+++ Data shown +++

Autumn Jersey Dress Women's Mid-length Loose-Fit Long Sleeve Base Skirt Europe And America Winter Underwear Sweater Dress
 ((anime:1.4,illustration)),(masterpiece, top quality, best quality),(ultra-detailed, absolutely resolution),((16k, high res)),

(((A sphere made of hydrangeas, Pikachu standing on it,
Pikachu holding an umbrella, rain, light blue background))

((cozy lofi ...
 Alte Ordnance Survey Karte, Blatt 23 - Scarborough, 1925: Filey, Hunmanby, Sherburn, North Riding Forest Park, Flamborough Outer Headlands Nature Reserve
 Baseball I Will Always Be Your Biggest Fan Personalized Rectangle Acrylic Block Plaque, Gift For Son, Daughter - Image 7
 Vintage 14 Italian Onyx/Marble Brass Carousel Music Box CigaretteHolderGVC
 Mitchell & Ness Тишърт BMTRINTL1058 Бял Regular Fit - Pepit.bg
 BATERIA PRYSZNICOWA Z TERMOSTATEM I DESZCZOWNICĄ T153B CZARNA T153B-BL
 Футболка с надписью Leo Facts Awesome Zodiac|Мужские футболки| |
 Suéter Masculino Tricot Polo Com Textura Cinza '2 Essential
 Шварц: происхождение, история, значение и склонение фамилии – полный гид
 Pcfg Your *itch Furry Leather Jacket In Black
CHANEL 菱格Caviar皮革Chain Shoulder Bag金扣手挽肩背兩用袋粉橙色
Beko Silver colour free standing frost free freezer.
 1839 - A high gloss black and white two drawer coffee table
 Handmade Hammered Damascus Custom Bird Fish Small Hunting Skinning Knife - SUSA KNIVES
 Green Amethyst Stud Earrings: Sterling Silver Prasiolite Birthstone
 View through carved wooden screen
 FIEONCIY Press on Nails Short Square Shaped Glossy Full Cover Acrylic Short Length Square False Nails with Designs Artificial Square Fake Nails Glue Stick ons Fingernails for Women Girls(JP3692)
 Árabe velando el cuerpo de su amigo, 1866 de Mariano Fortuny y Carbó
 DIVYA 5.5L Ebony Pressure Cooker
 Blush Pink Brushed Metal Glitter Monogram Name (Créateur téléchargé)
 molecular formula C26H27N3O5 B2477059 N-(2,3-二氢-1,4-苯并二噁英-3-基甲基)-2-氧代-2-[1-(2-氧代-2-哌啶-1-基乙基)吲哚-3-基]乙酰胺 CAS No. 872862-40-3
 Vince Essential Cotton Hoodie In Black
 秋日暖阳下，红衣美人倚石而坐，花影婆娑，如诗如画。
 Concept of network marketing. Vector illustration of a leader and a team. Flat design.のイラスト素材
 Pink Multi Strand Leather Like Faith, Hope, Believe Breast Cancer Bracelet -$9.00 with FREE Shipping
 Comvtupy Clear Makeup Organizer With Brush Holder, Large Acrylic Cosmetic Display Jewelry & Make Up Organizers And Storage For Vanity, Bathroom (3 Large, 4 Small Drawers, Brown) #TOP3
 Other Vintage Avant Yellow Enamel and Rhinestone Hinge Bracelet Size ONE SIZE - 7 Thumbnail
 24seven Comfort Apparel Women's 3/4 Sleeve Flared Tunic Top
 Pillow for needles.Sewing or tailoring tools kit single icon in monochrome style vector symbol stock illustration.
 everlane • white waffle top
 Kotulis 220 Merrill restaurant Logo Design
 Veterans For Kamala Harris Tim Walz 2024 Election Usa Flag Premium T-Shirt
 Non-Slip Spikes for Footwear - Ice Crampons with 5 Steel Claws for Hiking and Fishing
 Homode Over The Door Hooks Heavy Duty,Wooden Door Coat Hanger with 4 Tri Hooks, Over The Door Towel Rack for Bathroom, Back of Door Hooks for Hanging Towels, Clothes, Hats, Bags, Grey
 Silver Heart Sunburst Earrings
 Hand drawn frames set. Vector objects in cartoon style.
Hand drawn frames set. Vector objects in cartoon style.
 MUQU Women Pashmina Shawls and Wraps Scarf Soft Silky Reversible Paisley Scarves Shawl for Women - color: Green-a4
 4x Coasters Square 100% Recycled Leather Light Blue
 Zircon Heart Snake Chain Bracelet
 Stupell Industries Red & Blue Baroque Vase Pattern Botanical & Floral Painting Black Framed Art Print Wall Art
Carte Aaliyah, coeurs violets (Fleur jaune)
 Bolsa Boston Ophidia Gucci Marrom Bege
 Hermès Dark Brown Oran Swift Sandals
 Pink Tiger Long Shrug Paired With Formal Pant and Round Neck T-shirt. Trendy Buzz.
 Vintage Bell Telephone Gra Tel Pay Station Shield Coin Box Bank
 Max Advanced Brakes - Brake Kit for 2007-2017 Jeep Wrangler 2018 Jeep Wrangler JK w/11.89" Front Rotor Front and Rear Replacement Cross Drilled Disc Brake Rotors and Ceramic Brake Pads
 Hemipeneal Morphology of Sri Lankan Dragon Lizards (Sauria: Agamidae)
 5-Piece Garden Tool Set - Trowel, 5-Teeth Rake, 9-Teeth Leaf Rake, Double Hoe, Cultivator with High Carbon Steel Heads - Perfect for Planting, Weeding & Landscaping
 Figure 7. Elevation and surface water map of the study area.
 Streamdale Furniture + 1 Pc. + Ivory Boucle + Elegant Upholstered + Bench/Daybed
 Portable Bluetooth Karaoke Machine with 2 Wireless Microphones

+++

-- What is being asked --
What is asked for is an exact copy of the lines above from the one containing "Carte Aaliyah, coeurs violets (Fleur jaune)" through the one containing "Figure 7. Elevation", and only those.

-- Answer box --
Carte Aaliyah, coeurs violets (Fleur jaune)
 Bolsa Boston Ophidia Gucci Marrom Bege
 Hermès Dark Brown Oran Swift Sandals
 Pink Tiger Long Shrug Paired With Formal Pant and Round Neck T-shirt. Trendy Buzz.
 Vintage Bell Telephone Gra Tel Pay Station Shield Coin Box Bank
 Max Advanced Brakes - Brake Kit for 2007-2017 Jeep Wrangler 2018 Jeep Wrangler JK w/11.89" Front Rotor Front and Rear Replacement Cross Drilled Disc Brake Rotors and Ceramic Brake Pads
 Hemipeneal Morphology of Sri Lankan Dragon Lizards (Sauria: Agamidae)
 5-Piece Garden Tool Set - Trowel, 5-Teeth Rake, 9-Teeth Leaf Rake, Double Hoe, Cultivator with High Carbon Steel Heads - Perfect for Planting, Weeding & Landscaping
 Figure 7. Elevation and surface water map of the study area.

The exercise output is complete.